I am an Author, Designer, Illustrator and a major international award winning quilt artisan. I love working with fabrics and threads and they have become my medium of choice.

17 thoughts on “A Most Useful Toy For Applique

  1. This proves I was right not to buy the scan and cut when I first saw it and fell in love. I had a thought that technology changes and improves quickly … and it just might be worth waiting. I think I will wait a little longer for more improvements … and for the budget to catch up!

  2. I’m with you. I love, love, love my Cameo. And if you want to spend a lot of time messing with the software, you can even cut your fabric with it, but for the most part I don’t do that as it is very time consuming.
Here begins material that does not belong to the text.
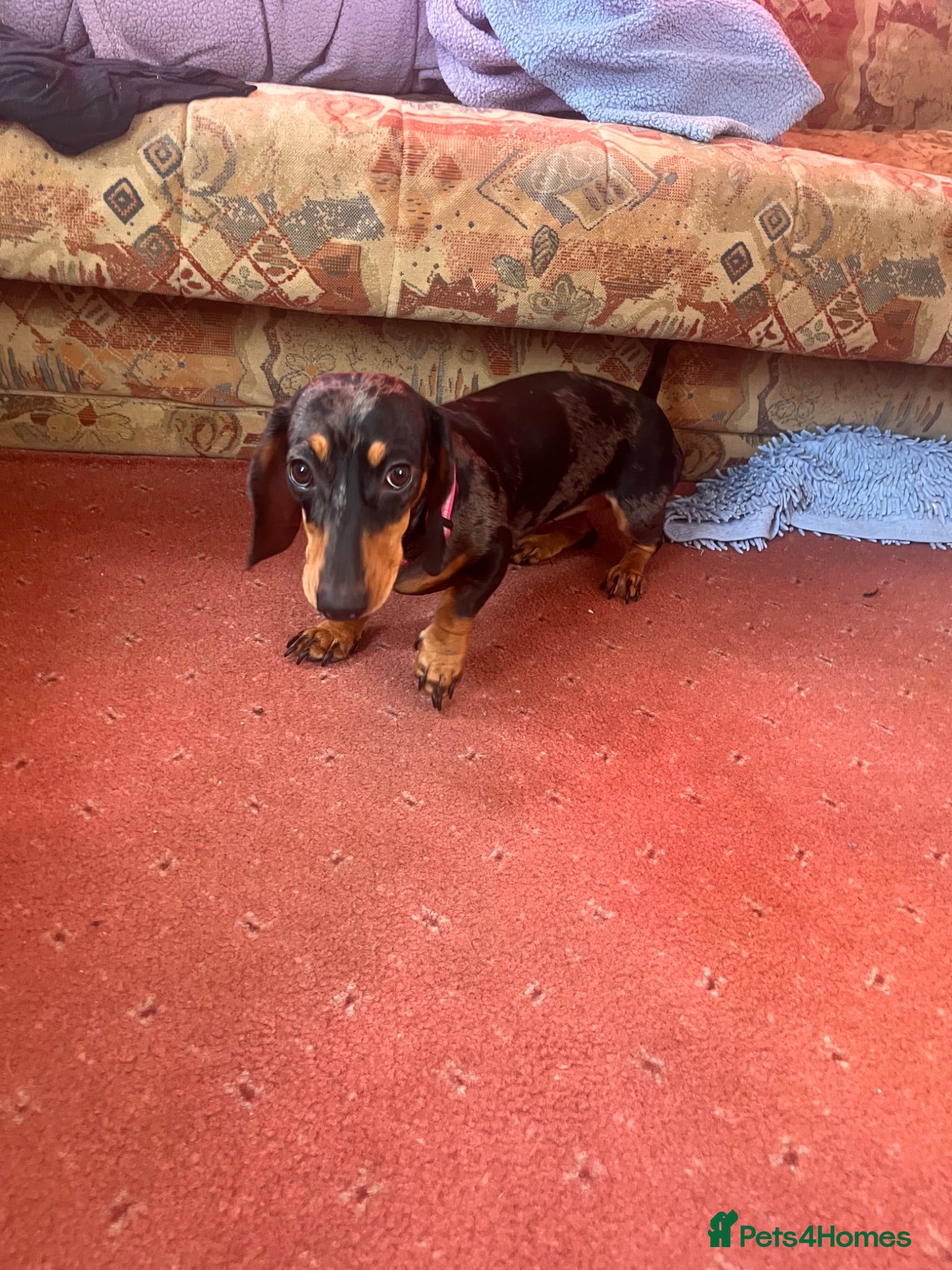 Miniature Dachshund dogs Miniature datchsund  - Advert 1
But for applique templates, it is awesome. I have spent a good portion of today cutting out star shapes in fabric to be used with machine applique. What a timesaver!

  3. I had to stop reading after all the descriptions of their errors I must be making with the rudimentary tools I have.
    Gave me the heeby jeebies. I had to sit down. Liquid fruit might be called for.
    I am just going to pet one of my bird kits and think about this.
    What about something you did not draw the pattern for?
    Could you scan it and then cut? Not any of your patterns…..
    You provide great freezer papers already for me….

  4. now to get my cameo out of the box and clear my mind to try and understand how to use it! Wonder if I can find a “cameo fairy” to cure my laziness”)? lol

  5. I love my Cameo! When I made your “Little Bird” pattern, I pulled the PDF into the Cameo software and cut the freezer paper that way. I have also used the Cameo pen holder and a Sharpie to draw the pattern onto the vinyl for placement. Depending on the size, you do need to manually tile the design, but it sure is quicker than tracing.

  6. Judy, I really looked hard at the Brother because it does have some really worthwhile (for the money) benefits but when I found out about the proprietary software that does not recognize the Illustrator svg files?–a deal breaker. For that kind of money it was a no go.

    I shall wait to see if they correct that major error in thinking. 😉

  7. Oh Sandra, Now I know how you spend your time at quilt conventions.Sounds like a wonderful tool. Copying to the vinyl overlay would be awesome. Thanks as always for your sharing your wonderful finds.

  8. Can the illustrator files be converted to jpg or some other common picture file format that can be used with assorted publishing programs from Word to professional programs?